The top five pitfalls to avoid when implementing SOAR
I was recently in a room full of CISOs and the topic-du-jour was SOAR. The headline on the PowerPoint slide read “SOAR or SORE?” — a joke to get the conversation started.
Given limited budgets and the general shortage of experienced security talent, most of the CISOs in the room were already looking to automation to help bridge the gap between their operational reality and the unrealistic expectations of the rest of the business. But was automation really closing that gap? “No” was the popular response, which came amid a smattering of “not yets” and “it’s starting to.” It seemed that at least some orgs were beginning to implement systems that were automating workflows and streamlining security operations.
But is merely beginning to automate things here and there enough to say that you’re doing SOAR?
What is SOAR?
As it turns out, it all depends on how you interpret the definition of SOAR. Some say it’s not SOAR unless it can operate independently without human intervention. Others claim SOAR is a ticketing system, or case management system, but not the IT ticketing system, but maybe not a ticketing system at all. All of these definitions and interpretations can make your head spin. Whether or not you believe robots can replace humans entirely (we don’t, by the way), I don’t think these disagreements about definitions matter much.
For our purposes, let’s define SOAR broadly. It’s some set of technologies that helps you integrate the security tech you already have (and will add over time) and weave it together so it saves you time and helps your humans scale better. Yes, I understand that Python.org or /bin/bash probably both qualify as SOAR according to this definition. Let’s assume for a moment I’m not stressed out about that. A little history explains why.
But what really is SOAR?
Longer ago than I’d like to think about, I worked on the security team at America Online. At the time, we had to build much of our technology in house because what was available commercially (or even as open source) wouldn’t work at our scale “out of the box.” It’s the same sort of problem folks like Netflix and Google faced years later. So we ended up building middleware (pretty sure this is what SOAR was called back then) to streamline a variety of security workflows to support identity and access management, authorization management and incident response.

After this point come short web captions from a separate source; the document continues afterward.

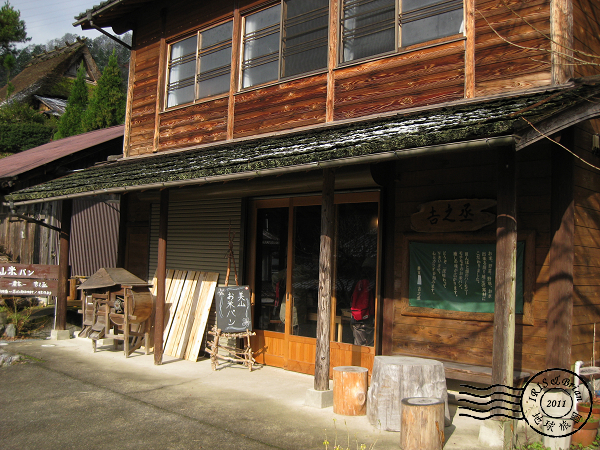 2011.12.04京都 903.jpg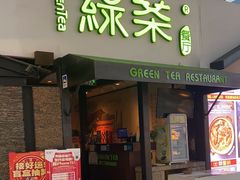 -绿茶餐厅(华联万柳店)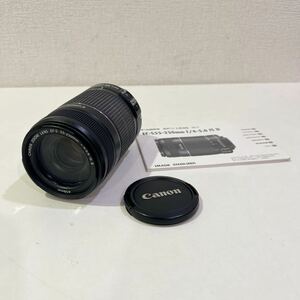 【美品】 Canon ZOOM LENS EF-S 55-250mm 1:4-5.6 IS II 一眼レフカメラ用レンズ 60サイズ（378）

One of the initial challenges we had when trying to automate from point A to point Z was that the “business rules” kept changing under our feet. That made it hard to code the steps in between. So we built a generic system to automate the parts that were largely static, left a few key steps in the middle for humans and then technology picked the workflows back up again and finished the process. Here’s a quick IAM example: 1) let software collect information from managers about who needed access to what; 2) let the software provision access directly where APIs were available and 3) create tickets for humans where APIs were absent. Then, when all access was provisioned, handle the notifications and track the access over time to ensure it was disabled if not used in 90 days or if not renewed by managers after 365.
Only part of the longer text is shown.